In addition, to evaluate the performance of our method on general benchmark, we conducted experiments on CoCo, and the averaged retrieval results are as follows:
| CoCo | I2T | T2I |
|---|---|---|
| CLIP (fine-tuned) | 50.3 | 50.9 |
| S-CLIP | 46.9 | 45.4 |
| SemiCLIP | 55.9 | 56.2 |
CLIP (fine-tuned) refers to CLIP fine-tuned using only labeled data. I2T and T2I represent image→text retrieval and text→image retrieval respectively. The results indicate that SemiCLIP can achieve significant performance improvements on general benchmark over CLIP (fine-tuned) and S-CLIP. It is worth noting that S-CLIP's performance shows an average decrease of 4.5% compared to CLIP (fine-tuned), aligning with the paper's claim [3] that S-CLIP experiences performance drops when trained on a small number of image-text pairs in common datasets like CoCo. However, the superior performance of our proposed SemiCLIP is unaffected by the different types of datasets, achieving significant improvements on both commonly used datasets and task-specific datasets.
For datasets like ImageNet, which is a classification dataset, it is not well-suited for image-text contrastive learning and thus does not align with the scenarios addressed in this paper.
[1] Fine-Tuning can Distort Pretrained Features and Underperform Out-of-Distribution
[2] An empirical study of catastrophic forgetting in large language models during continual fine-tuning
[3] S-CLIP: Semi-supervised Vision-Language Learning using Few Specialist Captions
Dear Reviewer WcrK,
We sincerely thank the reviewer for valuable comments. We have addressed them in our responses and updated the manuscript accordingly. If the reviewer has any further questions, we are always ready to provide additional clarifications.
Best regards,
The Authors
Thanks to the authors for the rebuttal. However, I still have concerns regarding W2 and W3.
For W2, in my opinion, extending CyCLIP to images and pseudo captions seems trivial.

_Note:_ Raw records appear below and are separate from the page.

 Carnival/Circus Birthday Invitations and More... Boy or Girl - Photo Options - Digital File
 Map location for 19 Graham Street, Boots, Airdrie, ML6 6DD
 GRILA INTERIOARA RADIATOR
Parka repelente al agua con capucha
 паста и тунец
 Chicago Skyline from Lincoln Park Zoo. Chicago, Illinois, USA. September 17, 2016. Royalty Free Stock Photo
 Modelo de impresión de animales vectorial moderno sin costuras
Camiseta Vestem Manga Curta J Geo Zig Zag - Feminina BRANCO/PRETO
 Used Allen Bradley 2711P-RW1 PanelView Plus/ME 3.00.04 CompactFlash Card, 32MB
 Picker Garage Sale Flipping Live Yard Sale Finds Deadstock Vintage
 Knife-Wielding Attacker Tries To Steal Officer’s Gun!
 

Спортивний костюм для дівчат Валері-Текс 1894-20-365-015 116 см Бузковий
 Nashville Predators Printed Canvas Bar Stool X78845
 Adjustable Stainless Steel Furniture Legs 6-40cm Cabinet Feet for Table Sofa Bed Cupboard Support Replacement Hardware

For W3, the table does not include CLIP's performance on COCO zero-shot retrieval. However, according to the CLIP paper, I found that the R1 scores for image retrieval and text retrieval are 58.4 and 37.8, respectively. The CLIP fine-tuning performance provided in the rebuttal appears to degrade performance on image retrieval while improving performance on text retrieval, which seems counterintuitive. Additionally, SemiCLIP also reduces performance on image retrieval, suggesting that using semi-supervision on a general dataset harms the model’s original generative capability, which makes me question the effectiveness of the proposed method. However, according to [1], fine-tuning on the COCO training set can improve performance from 58.6 to 77.0 on image retrieval and from 45.6 to 59.9 on text retrieval.
Regarding to the rebuttal, I towards maintaining my score.
[1] Scaling Up Visual and Vision-Language Representation Learning With Noisy Text Supervision
Dear Reviewer WcrK,
We sincerely thank you for your effort in reviewing our paper and would like to provide additional clarification regarding the concerns you mentioned.
Concern #1: Extending CyCLIP to images and pseudo captions seems trivial.
Response: First of all, the main contribution of our work is presenting a new framework for adapting CLIP model to specific domain tasks using semi-supervision. As a part of the proposed framework, the caption-level trapezoidal consistency module extends CyCLIP to images without ground-truth captions by new techniques. Additional, our method mitigates noise in pseudo captions, offering insights into addressing alignment issues in image-text pairs. We believe it is meaningful to extend known techniques to new tasks in simple ways, which can lead to significant performance enhancements.
Therefore, although we agree with the reviewer that our trapezoidal consistency loss builds upon CyCLIP, the learning framework which significantly improves CLIP alignment capability in specific domain tasks using semi-supervision is not trivial.
Concern #2: The results related to COCO dataset.
Response: Thank you for your insightful and detailed observation. We would like to address the reviewer's concern from three perspectives:
(1) The results reported in [1] are likely based on the ViT-L/14 CLIP model, which is significantly more powerful than the ViT-B/16 CLIP model we used in our experiments. Unfortunately, due to time constraints, we are unable to provide results for ViT-L/14 CLIP model.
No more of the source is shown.